Required work: Reproduce all of the records word for word, omitting the pictures.

Extracted information:
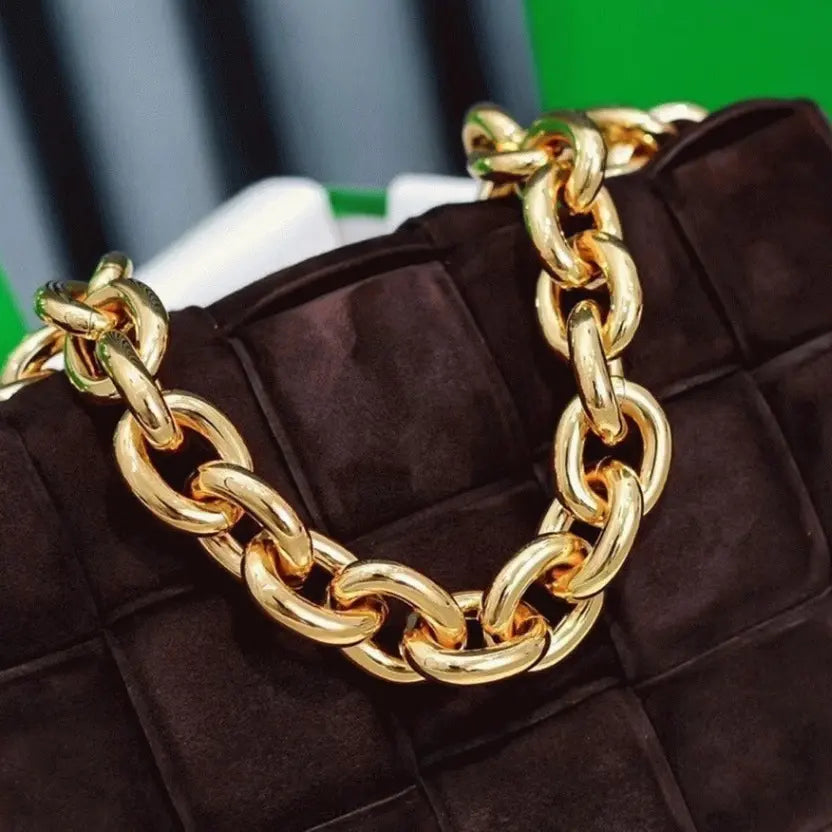 Boutique Quality || Bottega Veneta Chain Cassette Bag In Fondant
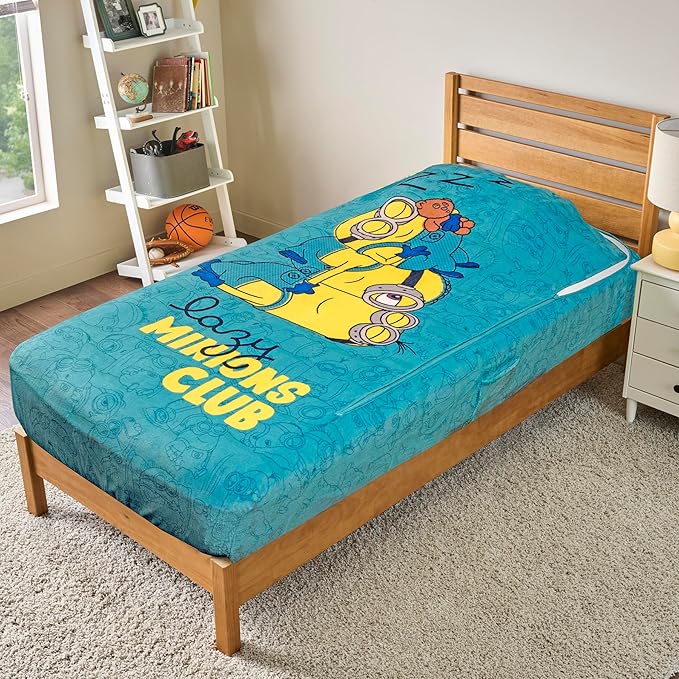 ZippySack Twin Bed Zip-Up Bedding – Super Soft Fleece Fitted Blanket with Side Pocket & Durable Zipper – Easy Bed-Making for Kids (Minions)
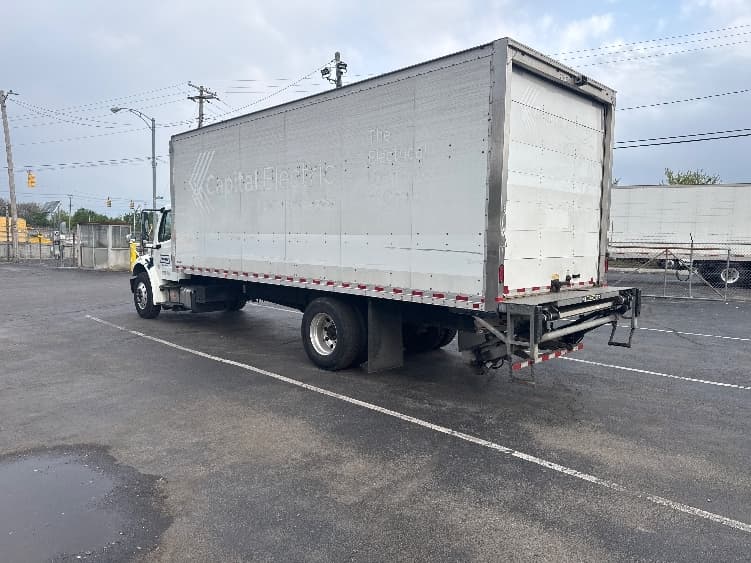 2019 Freightliner M2 106 in Baltimore, MD — photo 6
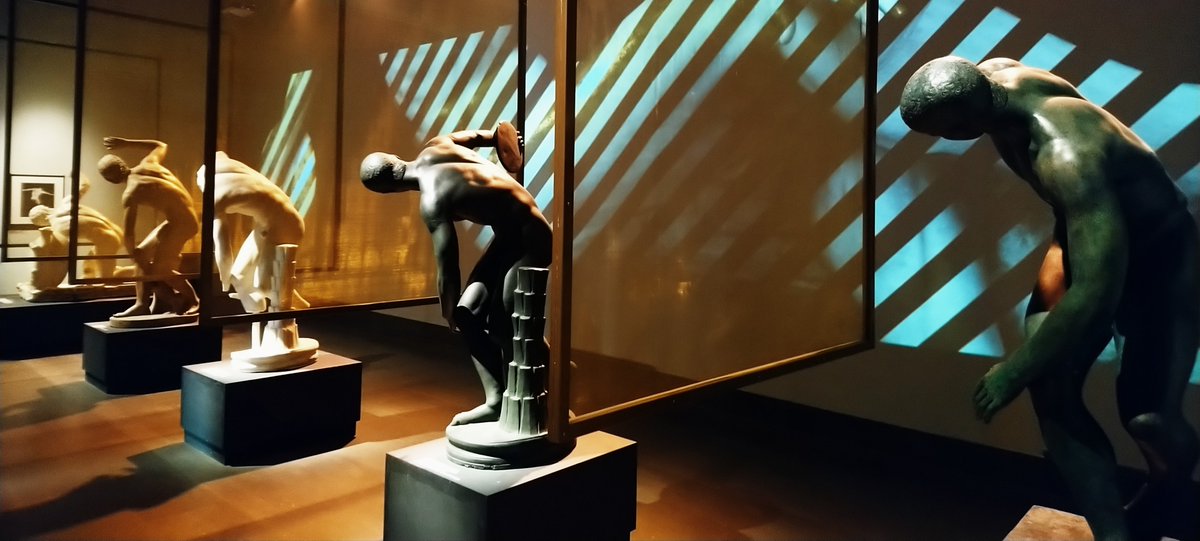 EgyptMcr's tweet photo. Incredible exhibition at National Roman Museum about the self-referential nature of statue development in #Greece and #Rome. Right up my street. And cool A/V & music too 🎶 #ClassicoPop #museums https://t.co/12yzsF0h47
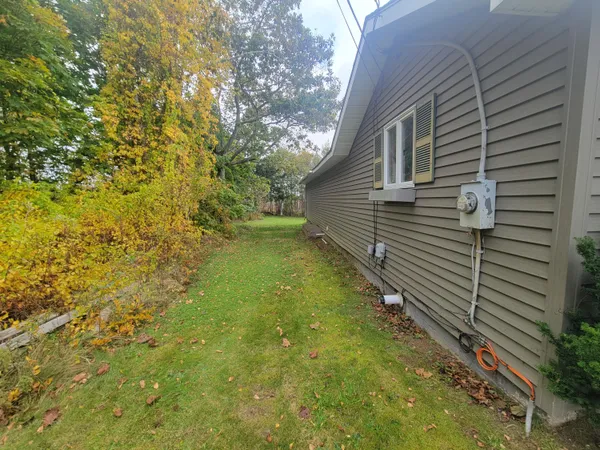$249,000 | 46 South Lubec Road, Lubec, ME 04652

Your solution:
 Boutique Quality || Bottega Veneta Chain Cassette Bag In Fondant
 ZippySack Twin Bed Zip-Up Bedding – Super Soft Fleece Fitted Blanket with Side Pocket & Durable Zipper – Easy Bed-Making for Kids (Minions)
 2019 Freightliner M2 106 in Baltimore, MD — photo 6
 EgyptMcr's tweet photo. Incredible exhibition at National Roman Museum about the self-referential nature of statue development in #Greece and #Rome. Right up my street. And cool A/V & music too 🎶 #ClassicoPop #museums https://t.co/12yzsF0h47
$249,000 | 46 South Lubec Road, Lubec, ME 04652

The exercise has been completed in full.